4) It was a plan against a potential shortage, not intended as a long term feed regimen. I think I later commented in the thread words to the effect of "start there, monitor your flock, and adjust as needed."
 
Hello,
I want to try an experiment with some of my older hens that don't lay regularly. I want to free feed them a diet of uncooked rice. The goal in this experiment is to get an egg with a white yolk. I have had them in Tanzania. They taste the same but look strange. I also want to raise an egg my friend can eat without getting a migraine headache.

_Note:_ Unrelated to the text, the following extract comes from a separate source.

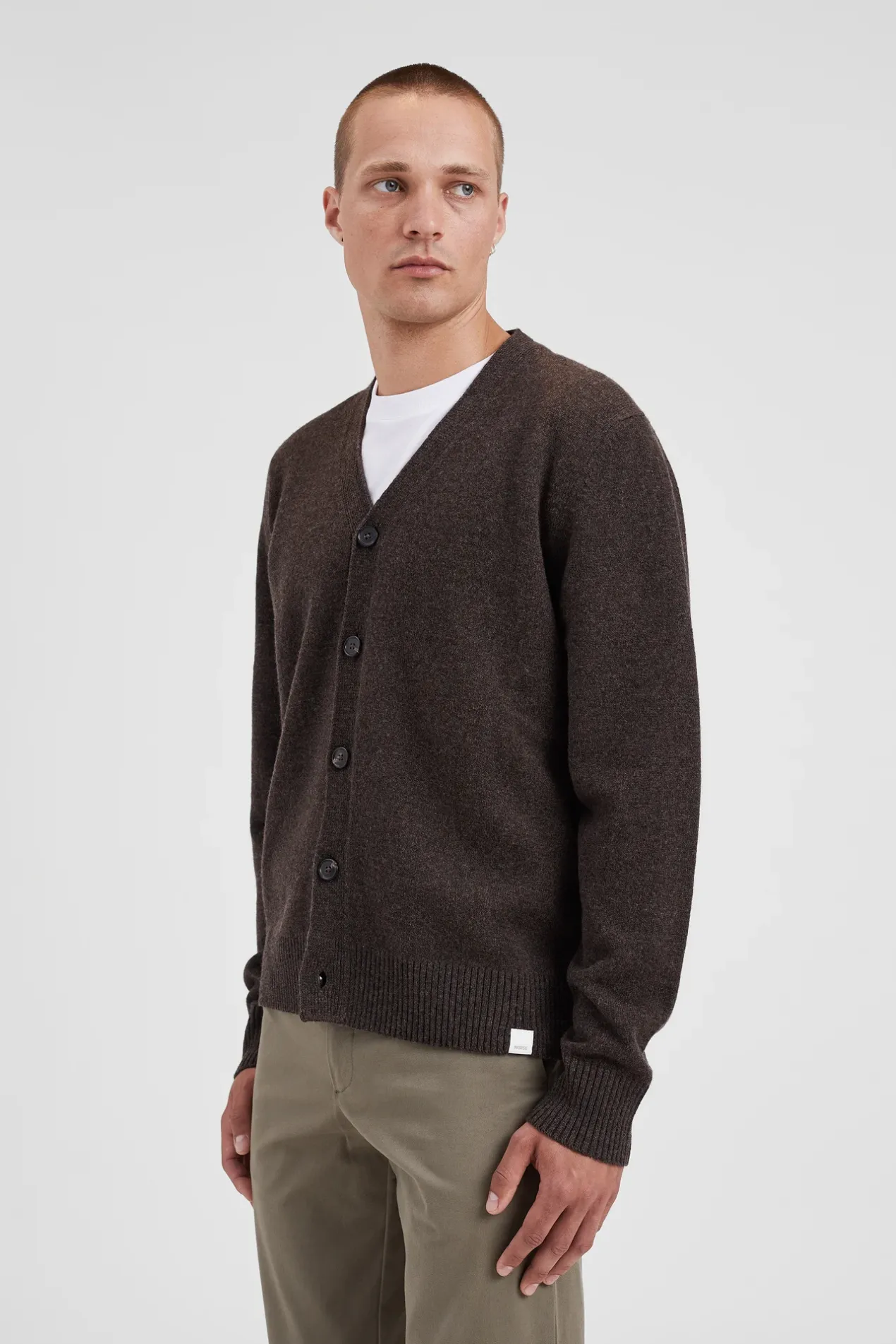 norse_standard_merino_lambswool_cardigan_3-2.webp Norse Projects KNITWEAR^Norse Standard Merino Lambswool Cardigan Heathland Brown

I have read that chickens will eat uncooked rice. My problem is not knowing what sort of supplements I will need to add to complete their daily requirements. If I grind the rice will that make a difference.
They will be free to run around the pen to get fresh air and whatever bugs are in the area. The will not be gaged up but they will be segregated away from the rest of the flock.
I am just thinking this over and I figured I might as well ask this group for some opinion/ideas.
So what does the group have to offer?
Thanks
John
I was under the impression that rice was no longer thrown at weddings because the wild birds would ingest it and the rice would swell when the bird drank water, leading to ruptured crops and death.
If this has any semblance of truth, I would be concerned that uncooked rice might pose a similar risk when fed to chickens.